El curso consciente de mi vida, que empieza hacia los diez y siete
o los diez y ocho años, ha sido una constante lucha por ideas determinadas.
En mi vida personal no hay nada que merezca de por sí la publicidad.
Todo lo que en mi pasado pueda haber de más o menos extraordinario,
hállase asociado íntimamente a las luchas revolucionarias
y recibe de éstas su relieve y valor. Es la única razón
que, puede justificar el que salga a luz esta autobiografía.
Pero, la razón es a la par la dificultad.
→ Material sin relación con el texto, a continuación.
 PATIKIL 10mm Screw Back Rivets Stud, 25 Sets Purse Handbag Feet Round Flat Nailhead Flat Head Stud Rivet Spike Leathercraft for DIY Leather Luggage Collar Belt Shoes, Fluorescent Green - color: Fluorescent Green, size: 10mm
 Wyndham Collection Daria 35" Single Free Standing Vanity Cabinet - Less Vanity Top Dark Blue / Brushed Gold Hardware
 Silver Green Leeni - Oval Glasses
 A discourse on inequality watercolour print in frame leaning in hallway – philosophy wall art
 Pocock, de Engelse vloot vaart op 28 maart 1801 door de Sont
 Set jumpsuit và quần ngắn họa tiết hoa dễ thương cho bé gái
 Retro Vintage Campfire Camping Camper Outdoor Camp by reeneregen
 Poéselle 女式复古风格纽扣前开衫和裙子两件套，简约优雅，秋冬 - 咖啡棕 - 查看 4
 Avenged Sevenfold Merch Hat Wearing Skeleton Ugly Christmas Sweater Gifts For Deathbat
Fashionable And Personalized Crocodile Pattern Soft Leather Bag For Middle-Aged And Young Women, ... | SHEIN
Los sucesos de mi
vida personal están de tal manera prendidos en la trama de los hechos
histéricos, que es punto menos que imposible arrancarlos a ella.
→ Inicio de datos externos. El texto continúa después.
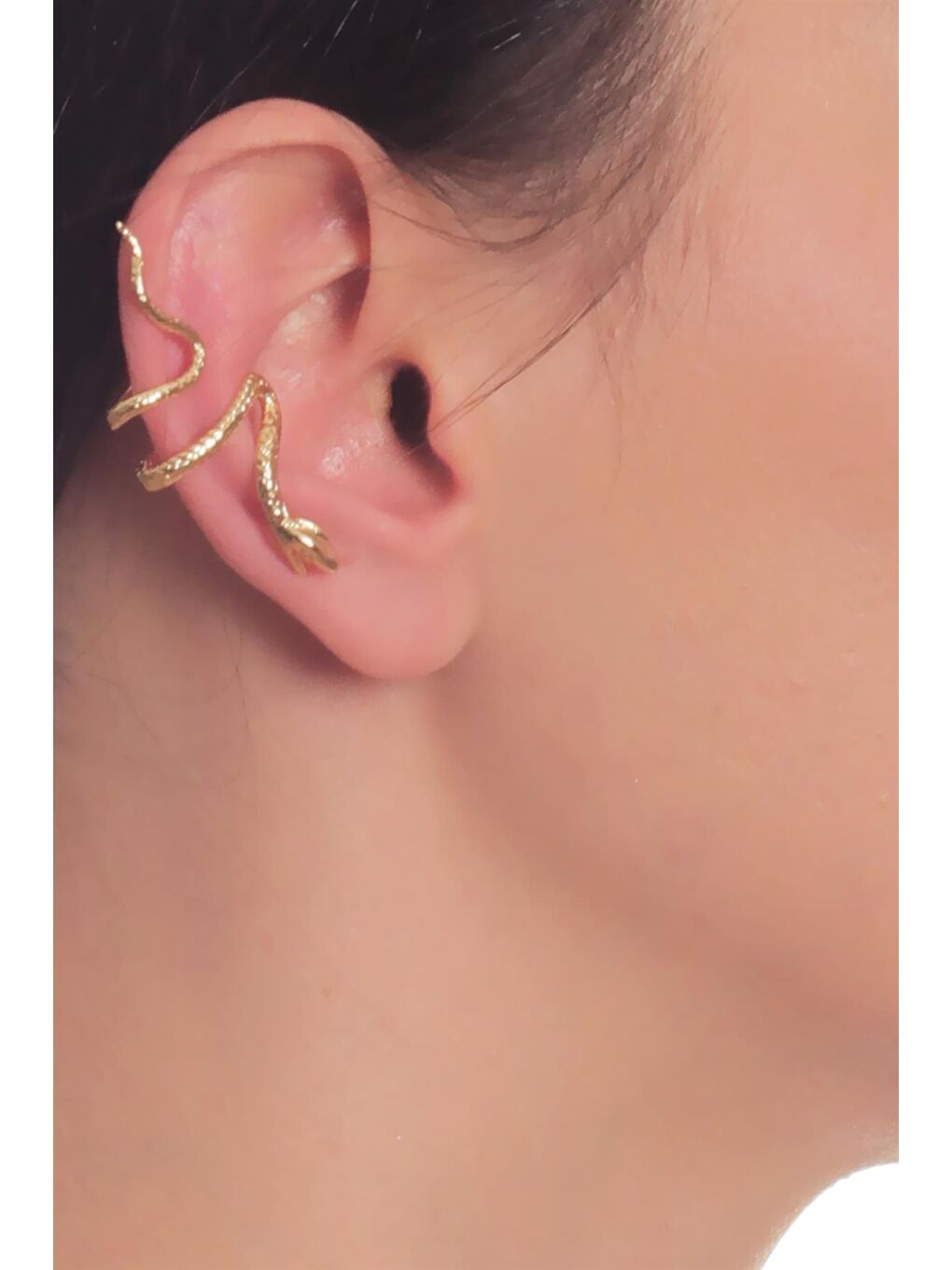 Sarı Kadın Lak Altın Kaplama Sıkıştırmalı Model Yılan Formlu Kıkırdak Küpe & Earcuff-2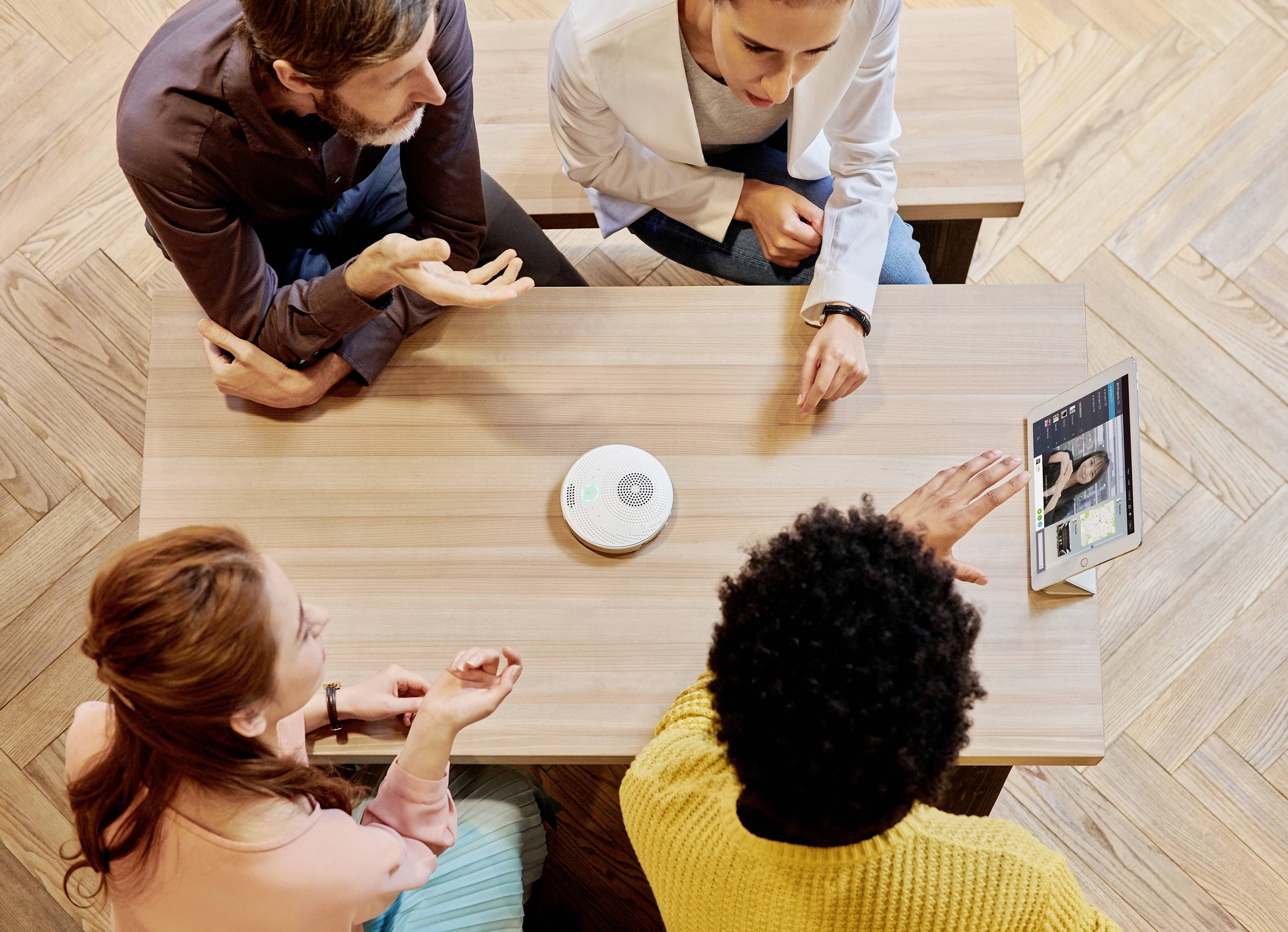 Yamaha YVC-200W Konferenztelefon Micro USB 2.0, Bluetooth®, NFC, Kopfhörer (3.5 mm Klinke) Weiß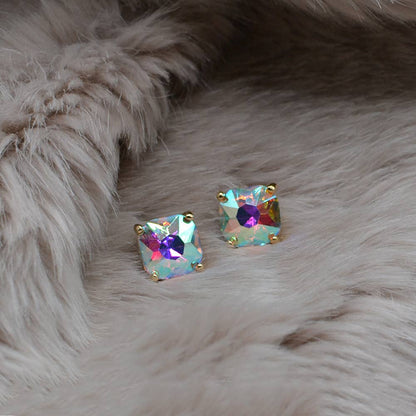 12mm Cushion Cut Square Crystal Glass bead stud Earrings: SILVER-CLEAR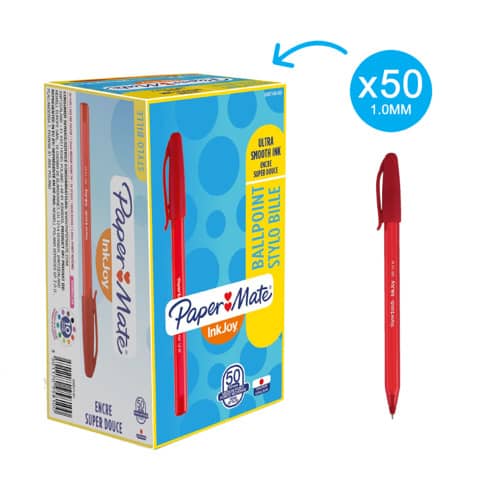 Penna a sfera con cappuccio Inkjoy 100 - punta 1,0mm - rosso - Papermate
Sin embargo, este libro no pretende hacer historia. No destaca los hechos
por lo que en sí objetivamente signifiquen, sino en lo que tienen
de contacto con las vicisitudes de la vida del autor. Nada tendrá,
pues, de extraño, que en la pintura de momentos o etapas enteras
falten las proporciones que serían de rigor en una obra histórica.
Para trazar la línea divisoria entre la autobiografía y el
proceso de la revolución, no hemos tenido más remedio que
proceder de un modo empírico. Sin convertir por ello el relato de
una vida en un estudio de historia, había que ofrecer al lector
un punto de apoyo en los hechos que informaron el giro de aquélla.
Dando por supuesto, naturalmente, que quien leyere estas páginas
conoce las líneas generales de nuestra revolución y que hasta
con avivar rápidamente en su recuerdo los hechos históricos
y sus consecuencias.
Cuando este libro salga a luz, habré cumplido cincuenta años.
Mi cumpleaños cae en el día de la Revolución de Octubre.
Un pitagórico o un místico argüirían de aquí
grandes conclusiones. La verdad es que yo no he venido a parar mientes
en esta curiosa coincidencia hasta que ya habían pasado tres años
de las jornadas de Octubre. Hasta la edad de nueve años, viví
sin interrupción en una aldea apartada del mundo. Pasé ocho
estudiando en el Instituto. Al año de salir de sus aulas, fui detenido
por vez primera. Mis Universidades fueron, como las de tantos otros en
aquella época, la cárcel, el destierro y la emigración.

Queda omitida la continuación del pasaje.